Position Paper1 for the United States Delegation to the Extraordinary Session2 of the Inter-American Economic and Social Council


Relations Between United Nations Economic Commission for Latin America (ECLA) and IA ECOSOC


The two organizations have terms of reference which virtually duplicate each other. They operate within about the same geographical region and their membership is very nearly the same. No satisfactory basis for the allocation of duties between the two organizations has been found and cooperation at the secretariat level has been unsatisfactory. The Secretariats of each organization are now planning to undertake programs of technical assistance and there is good reason to expect duplication in this field. The problem is how to remedy this unsatisfactory situation, and what policy the United States (and the [Page 674] Latin American governments) should adopt in 1951 when the continuation in existence of ECLA will automatically come up for reconsideration in the UN Economic and Social Council.

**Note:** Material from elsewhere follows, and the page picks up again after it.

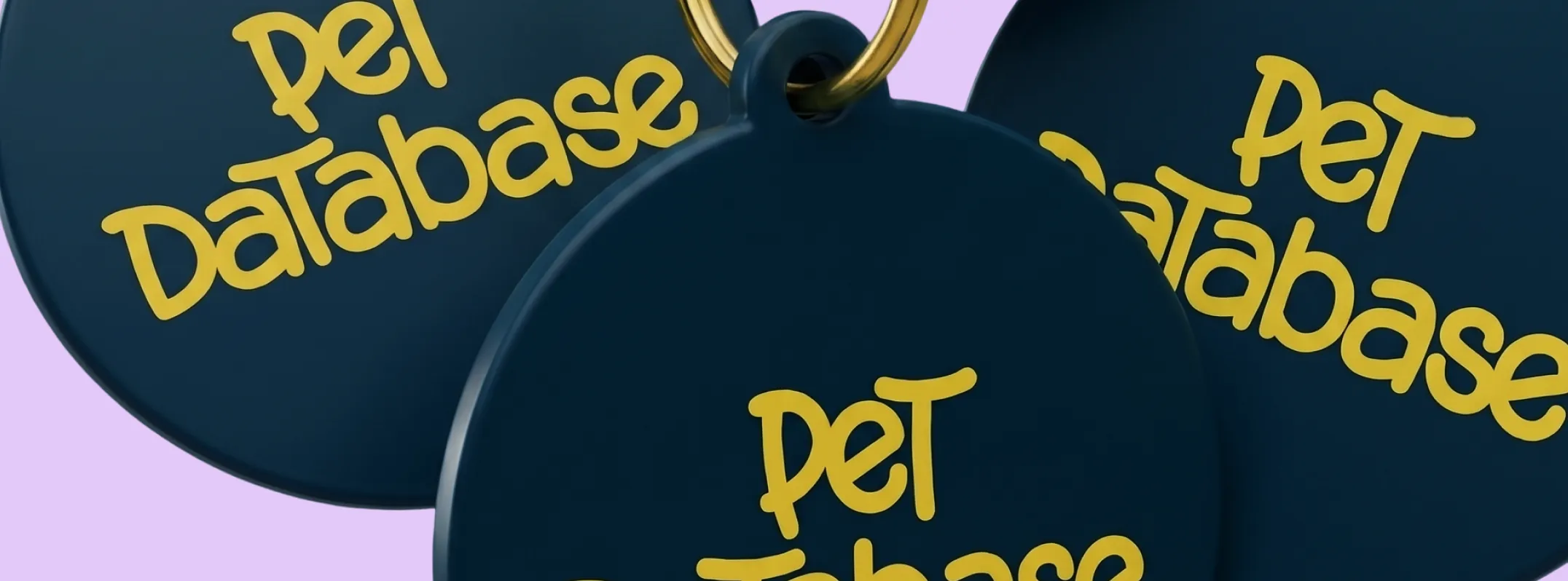 Close-up of dark pet ID tags with yellow text reading 'Pet Database' on a lavender background.
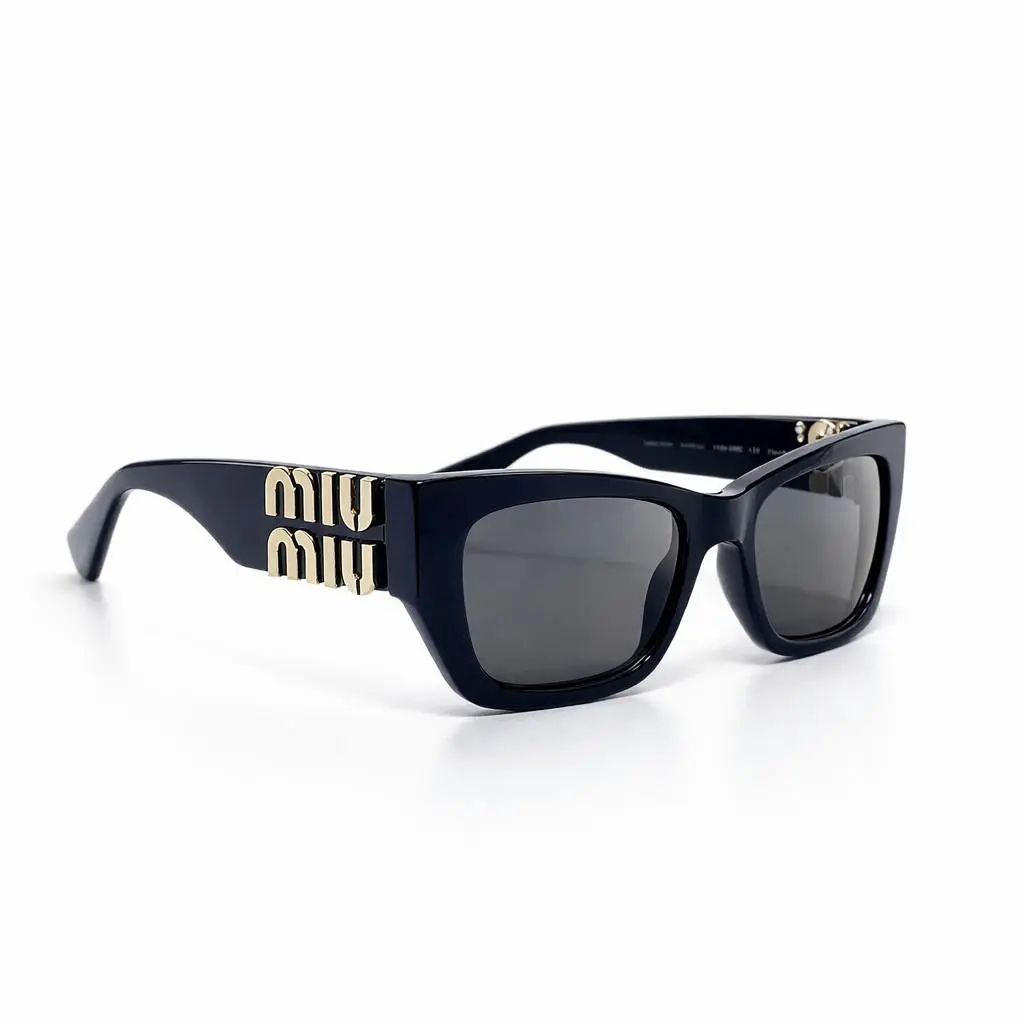 Miu Miu Sunglasses MU 09W Black Gold Dark Grey Lens Women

It is recommended that the U.S. Delegation to the Extraordinary Session of IA ECOSOC explore, in informal conversations with the delegates of the Latin American countries the possibilities of a program which:

ECLA would be abolished by UN ECOSOC in 1951;
IA ECOSOC would enter into an agreement of relationship with the UN ECOSOC under which the former might become the regional arm of the latter. Under this arrangement, IA ECOSOC might be called on to act in two capacities. Also under this arrangement, IA ECOSOC might be expected to accept recommendations from and report to the UN ECOSOC, within the entire field of the arrangement, in a manner similar to ECE and ECAFE. In return, UN might make available certain funds to IA ECOSOC.
The PAU might employ in appropriate positions some of the more effective members of the ECLA Secretariat.


Chile has been the initiator and chief supporter of ECLA, and its Secretariat is located in Santiago. However, representatives of Chile have intimated to Department representatives that Chile might be willing to agree to ECLA’s dissolution if the United States was not prepared to give the Commission its active support.

It is believed that the enthusiasm of other Latin American governments for ECLA may also have cooled. It is likely that if the IA ECOSOC were to hold occasional meetings in Latin America, this would have a further effect on Latin American opinion.

The reasons which can be advanced for the dissolution of ECLA in connection with a program such as is here suggested are:

There has been found no logical or theoretical basis for allocating work between IA ECOSOC and ECLA in advance. The only modus vivendi which has been found has been to allocate each job on an ad hoc basis. This has not worked particularly well.
There is strong evidence in the Department that the ECLA Secretariat, which has naturally sought, by taking an ambitious and aggressive attitude, to justify its existence, has not cooperated at all times with the PAU. Cooperation has not been enthusiastic on the part of the PAU either. For this reason efforts for coordination have not so far been attended by a large degree of success. Unnecessary duplication has, in fact, resulted—as for example, in the case of the economic questionnaire to governments in the fall of 1948.
As a commission made up of government representatives (as opposed to a Secretariat) ECLA has shown a tendency to adopt useless (although harmless) resolutions which are proposed in many [Page 675] cases for home consumption, but which have a tendency to cheapen the work of international organizations as a whole.
The preface of the Lleras Report3 to the OAS this fall shows that the OAS now recognizes the need to bring its economic and social activities into far closer coordination with the UN to avoid the duplication which is now beginning to take place on a serious scale.

  1. Unsigned.
  2. Held in Washington from March 20 to April 10, 1950.
  3. The animal report for fiscal 1949 of Alberto Lleras Camargo, Secretary General of the OAS, is dated November 16, 1949 and is printed in Annals of the Organization of American States, 1950, pp. 1–118.